Benhamou had lived in Bondy for 40 years. He said this was the second incident to occur in three months, and that such acts of hate have created a climate of fear.
"Until the years 2000 to 2005, the town was nice and quiet, with 250 to 300 Jewish families and synagogues full on the Sabbath. Now, only about a hundred Jewish families remain," he said.
What’s happening in Bondy reveals a marked rise in anti-Semitism in the French capital, causing people like Benhamou to flee to other parts of the country.
France has the largest Jewish population in Europe, with numbers thought to be between 500,000-600,000, many living in and around Paris. There has been a drop in these numbers over the past 15 years, beginning with proxy retaliations against French Jews following the Second Intifada in Palestine in 2000, in which almost 5,000 Palestinians were killed by Israeli forces at the Al Aqsa mosque.
Rabbi Moshe Lewin, a Jewish leader in Raincy, a neighboring area to Seine-Saint-Denis where Benhamou now lives, laments the attacks on Jewish culture and faith in France, as people have begun to hide their religion for their own safety.
"What upsets me is that in some areas of France, Jews can no longer live peacefully, and that just five minutes from my home, some are forced to hide their kippas (skullcaps) or their Star of David," he said.
Benhamou calls Seine-Saint-Denis "one of the lost territories of the Republic." A far cry from its time as an area with one of the highest Jewish populations, "The Jewish community is expected to disappear from here," he said.
The mayor of Sarcelles, Frances Pupponi, says the "phenomenon of internal migration" he first noticed a few years ago has strengthened. Pupponi admits that even though Sarcelles has "a much stronger police and institutional presence" and "they can live out their Judaism here in safety," France’s Jewish native refugees are still vulnerable to "extremely violent situations."
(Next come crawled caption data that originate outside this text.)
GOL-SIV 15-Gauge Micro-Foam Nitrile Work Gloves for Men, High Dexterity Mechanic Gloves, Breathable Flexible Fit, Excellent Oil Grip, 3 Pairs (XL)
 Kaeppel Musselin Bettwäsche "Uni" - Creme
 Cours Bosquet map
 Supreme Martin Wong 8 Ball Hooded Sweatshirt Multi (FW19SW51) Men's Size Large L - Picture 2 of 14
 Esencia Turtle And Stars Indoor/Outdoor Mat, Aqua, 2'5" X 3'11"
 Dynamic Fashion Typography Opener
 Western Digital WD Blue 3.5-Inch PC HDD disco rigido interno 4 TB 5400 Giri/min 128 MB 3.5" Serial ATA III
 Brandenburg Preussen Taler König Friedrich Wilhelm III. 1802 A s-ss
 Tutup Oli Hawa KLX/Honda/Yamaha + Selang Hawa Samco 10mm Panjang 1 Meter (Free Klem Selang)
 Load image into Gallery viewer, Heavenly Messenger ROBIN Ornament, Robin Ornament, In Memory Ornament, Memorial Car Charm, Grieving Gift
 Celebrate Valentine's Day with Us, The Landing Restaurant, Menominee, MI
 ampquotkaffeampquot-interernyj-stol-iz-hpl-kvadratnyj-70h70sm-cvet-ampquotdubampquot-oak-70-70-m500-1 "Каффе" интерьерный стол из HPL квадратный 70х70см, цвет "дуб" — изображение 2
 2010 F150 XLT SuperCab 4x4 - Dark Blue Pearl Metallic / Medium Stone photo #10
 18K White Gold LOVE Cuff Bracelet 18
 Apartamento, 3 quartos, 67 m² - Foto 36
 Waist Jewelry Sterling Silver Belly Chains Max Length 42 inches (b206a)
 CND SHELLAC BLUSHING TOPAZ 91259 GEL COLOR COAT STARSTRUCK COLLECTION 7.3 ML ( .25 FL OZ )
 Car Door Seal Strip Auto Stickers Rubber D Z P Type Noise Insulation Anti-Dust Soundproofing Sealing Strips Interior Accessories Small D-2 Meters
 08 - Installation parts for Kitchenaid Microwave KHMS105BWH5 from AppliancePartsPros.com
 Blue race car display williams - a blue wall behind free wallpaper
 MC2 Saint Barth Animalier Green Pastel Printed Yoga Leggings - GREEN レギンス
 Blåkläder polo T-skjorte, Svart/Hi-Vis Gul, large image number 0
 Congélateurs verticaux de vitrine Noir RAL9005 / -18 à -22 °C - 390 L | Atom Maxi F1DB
Paris’ 17th district has been called "Little Jerusalem," because of the influx of France’s displaced Jews.
In response to the population shift, Consistoire Israelite, a French-Jewish advocacy group, has started construction on a Centre for European Judaism, hoping to open next year.
Avi Mayer, of the Jewish Agency, said, "The primary cause of this growing insecurity is the unholy trinity of the far right, the far left and Islamic extremists." He added, "The fact that so many French Jews feel as though they can’t walk around their hometowns with symbols or articles of clothing that identify them as Jewish… that produces a very real sense of insecurity."
According to a survey published earlier this year by French newspaper Journal de Dimanche, at least 1 in 10 French Jews have been attacked for their beliefs.